We propose analyzing the core auto-regressive (AR) generation step, mapping a context sequence \(\mathbf{w}_{<'t'} \) to a next-token probability distribution \( P_\Params(\cdot | \mathbf{w}_{<'t'}) \), using the theory of Markov Categories (MCs). Specifically, we use the category \( \cat{Stoch} \), whose objects are standard Borel spaces (like finite sets \( \VV \), Euclidean spaces \( \RR^d \), sequence spaces \( \VV^* \)) and whose morphisms are Markov kernels \( k: X \to Y \), representing conditional probability maps.

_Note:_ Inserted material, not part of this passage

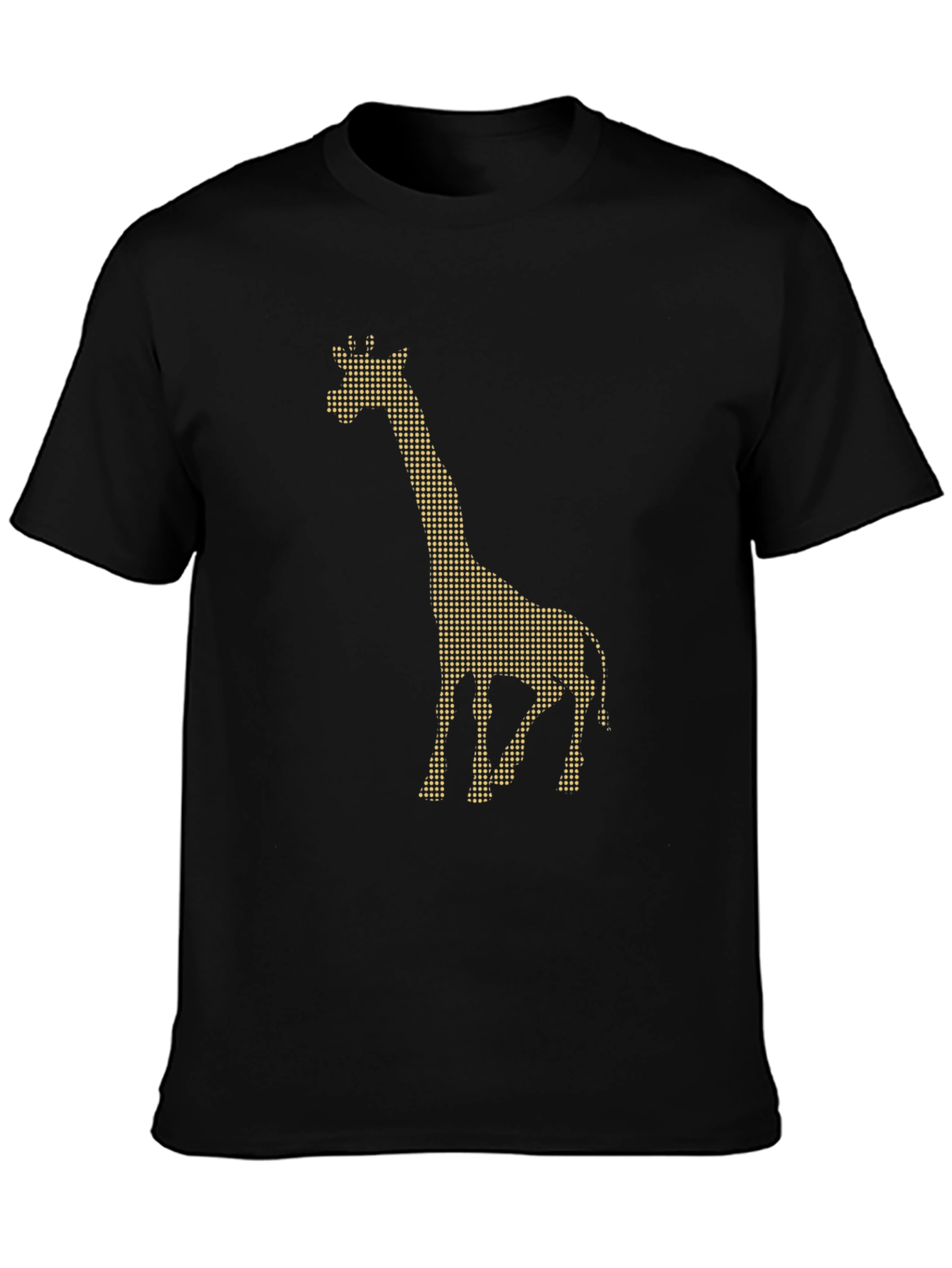 Giraffe Dot Pattern Black T-Shirt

A Markov kernel \( k: X \times \SigmaAlg{Y} \to [0, 1] \) maps an input \( x \in X \) to a probability measure \( k(x, \cdot) \) on \( Y \). Composition \( h \comp k \) follows the Chapman-Kolmogorov equation: \( (h \comp k)(x, C) = \int_Y h(y, C) \, k(x, \dd y) \).
The AR generation process is modeled as a composition of kernels in \( \cat{Stoch} \):
\[
k_{\mathrm{gen}, \theta} = \KernelLMHead \comp \KernelBB \comp \KernelEmb : \ContextSeqSpaceMeas \to \VocabSpaceMeas
\]
Where:
- \( \KernelEmb: \ContextSeqSpaceMeas \to \ContextRepSpaceMeas \) is the (deterministic) Embedding Layer kernel, mapping the token sequence \( \mathbf{w}_{<'t'} \in \VV^* \) to an initial representation sequence \( E_{<'t'} \), possibly including positional encodings. \( (\KernelEmb)_{\mathbf{w}_{<'t'}}(\cdot) = \deltaDirac{\EmbLayer(\mathbf{w}_{<'t'})} \).
- \( \KernelBB: \ContextRepSpaceMeas \to \RepSpaceMeas \) is the (deterministic) Backbone kernel (e.g., Transformer layers with RoPE), processing \( E_{<'t'} \) to produce the final hidden state \( h_t \in \RepSpace \cong \RR^{d_{model}} \). \( (\KernelBB)_{E_{<'t'}}(\cdot) = \deltaDirac{\Backbone(E_{<'t'})} \).
- \( \KernelLMHead: \RepSpaceMeas \to \VocabSpaceMeas \) is the (stochastic) LM Head kernel, mapping \( h_t \) to the output probability distribution over the vocabulary \( \VV \) via a linear layer and softmax: \( \KernelLMHead(h, \{w\}) = [\softmax(\LMHead(h))]_w \).
This compositional structure allows us to precisely track the transformation of information from context to prediction within a unified probabilistic framework. \( \cat{Stoch} \) is equipped with operations for copying (\( \copyop_X: X \to X \tens X \)) and discarding (\( \delop_X: X \to \unit \)) information, forming a rich algebraic structure for reasoning about probabilistic systems.